» **Dataset content**
►

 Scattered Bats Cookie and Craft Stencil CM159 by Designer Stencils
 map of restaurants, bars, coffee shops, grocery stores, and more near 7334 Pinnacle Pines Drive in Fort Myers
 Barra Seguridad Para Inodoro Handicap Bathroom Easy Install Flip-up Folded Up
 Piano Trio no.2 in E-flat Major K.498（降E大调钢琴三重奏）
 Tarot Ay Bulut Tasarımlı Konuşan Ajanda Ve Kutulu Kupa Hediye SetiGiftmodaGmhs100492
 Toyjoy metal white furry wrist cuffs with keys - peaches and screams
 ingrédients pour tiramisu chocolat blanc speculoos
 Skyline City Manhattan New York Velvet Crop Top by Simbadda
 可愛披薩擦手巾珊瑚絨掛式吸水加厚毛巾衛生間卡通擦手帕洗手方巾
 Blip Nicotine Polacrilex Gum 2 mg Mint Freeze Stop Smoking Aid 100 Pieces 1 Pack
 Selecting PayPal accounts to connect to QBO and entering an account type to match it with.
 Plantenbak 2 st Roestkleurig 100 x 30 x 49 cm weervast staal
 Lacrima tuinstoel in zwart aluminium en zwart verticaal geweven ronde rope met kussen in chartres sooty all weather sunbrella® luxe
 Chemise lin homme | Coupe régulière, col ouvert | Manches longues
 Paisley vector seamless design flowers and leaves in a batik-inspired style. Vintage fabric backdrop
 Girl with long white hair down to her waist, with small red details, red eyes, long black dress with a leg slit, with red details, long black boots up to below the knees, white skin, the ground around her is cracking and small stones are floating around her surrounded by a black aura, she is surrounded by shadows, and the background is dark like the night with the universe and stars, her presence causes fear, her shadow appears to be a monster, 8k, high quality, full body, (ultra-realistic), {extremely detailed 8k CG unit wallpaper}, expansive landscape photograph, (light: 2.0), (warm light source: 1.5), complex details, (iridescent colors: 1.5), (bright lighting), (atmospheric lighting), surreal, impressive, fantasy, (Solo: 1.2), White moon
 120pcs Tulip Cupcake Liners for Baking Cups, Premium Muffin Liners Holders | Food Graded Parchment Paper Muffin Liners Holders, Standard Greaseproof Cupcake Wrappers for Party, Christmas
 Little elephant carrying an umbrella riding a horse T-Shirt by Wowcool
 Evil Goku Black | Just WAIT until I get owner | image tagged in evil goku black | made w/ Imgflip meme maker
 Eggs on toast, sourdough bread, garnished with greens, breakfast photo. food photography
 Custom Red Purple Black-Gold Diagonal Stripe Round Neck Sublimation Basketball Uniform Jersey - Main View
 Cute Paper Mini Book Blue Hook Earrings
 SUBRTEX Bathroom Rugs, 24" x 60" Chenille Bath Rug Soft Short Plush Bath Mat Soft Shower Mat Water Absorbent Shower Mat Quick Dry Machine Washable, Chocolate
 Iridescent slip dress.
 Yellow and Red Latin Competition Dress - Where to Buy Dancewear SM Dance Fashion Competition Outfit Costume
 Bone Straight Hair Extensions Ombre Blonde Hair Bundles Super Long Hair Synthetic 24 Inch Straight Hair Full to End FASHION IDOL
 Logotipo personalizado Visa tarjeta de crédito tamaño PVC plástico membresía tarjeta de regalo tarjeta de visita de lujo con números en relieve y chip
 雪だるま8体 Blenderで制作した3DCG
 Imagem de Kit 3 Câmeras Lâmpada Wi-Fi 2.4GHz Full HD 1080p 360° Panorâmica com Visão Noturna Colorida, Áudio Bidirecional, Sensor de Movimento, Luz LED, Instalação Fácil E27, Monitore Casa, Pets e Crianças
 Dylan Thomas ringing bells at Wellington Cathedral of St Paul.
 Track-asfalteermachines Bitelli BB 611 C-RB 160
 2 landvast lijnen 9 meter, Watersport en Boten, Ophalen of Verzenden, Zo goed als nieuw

◄

» **Prompt**
Only the lines from the start of the material through the line bearing "Evil Goku Black | Just" are needed, restated exactly, with both end lines included.

» **Result for this task**
 Scattered Bats Cookie and Craft Stencil CM159 by Designer Stencils
 map of restaurants, bars, coffee shops, grocery stores, and more near 7334 Pinnacle Pines Drive in Fort Myers
 Barra Seguridad Para Inodoro Handicap Bathroom Easy Install Flip-up Folded Up
 Piano Trio no.2 in E-flat Major K.498（降E大调钢琴三重奏）
 Tarot Ay Bulut Tasarımlı Konuşan Ajanda Ve Kutulu Kupa Hediye SetiGiftmodaGmhs100492
 Toyjoy metal white furry wrist cuffs with keys - peaches and screams
 ingrédients pour tiramisu chocolat blanc speculoos
 Skyline City Manhattan New York Velvet Crop Top by Simbadda
 可愛披薩擦手巾珊瑚絨掛式吸水加厚毛巾衛生間卡通擦手帕洗手方巾
 Blip Nicotine Polacrilex Gum 2 mg Mint Freeze Stop Smoking Aid 100 Pieces 1 Pack
 Selecting PayPal accounts to connect to QBO and entering an account type to match it with.
 Plantenbak 2 st Roestkleurig 100 x 30 x 49 cm weervast staal
 Lacrima tuinstoel in zwart aluminium en zwart verticaal geweven ronde rope met kussen in chartres sooty all weather sunbrella® luxe
 Chemise lin homme | Coupe régulière, col ouvert | Manches longues
 Paisley vector seamless design flowers and leaves in a batik-inspired style. Vintage fabric backdrop
 Girl with long white hair down to her waist, with small red details, red eyes, long black dress with a leg slit, with red details, long black boots up to below the knees, white skin, the ground around her is cracking and small stones are floating around her surrounded by a black aura, she is surrounded by shadows, and the background is dark like the night with the universe and stars, her presence causes fear, her shadow appears to be a monster, 8k, high quality, full body, (ultra-realistic), {extremely detailed 8k CG unit wallpaper}, expansive landscape photograph, (light: 2.0), (warm light source: 1.5), complex details, (iridescent colors: 1.5), (bright lighting), (atmospheric lighting), surreal, impressive, fantasy, (Solo: 1.2), White moon
 120pcs Tulip Cupcake Liners for Baking Cups, Premium Muffin Liners Holders | Food Graded Parchment Paper Muffin Liners Holders, Standard Greaseproof Cupcake Wrappers for Party, Christmas
 Little elephant carrying an umbrella riding a horse T-Shirt by Wowcool
 Evil Goku Black | Just WAIT until I get owner | image tagged in evil goku black | made w/ Imgflip meme maker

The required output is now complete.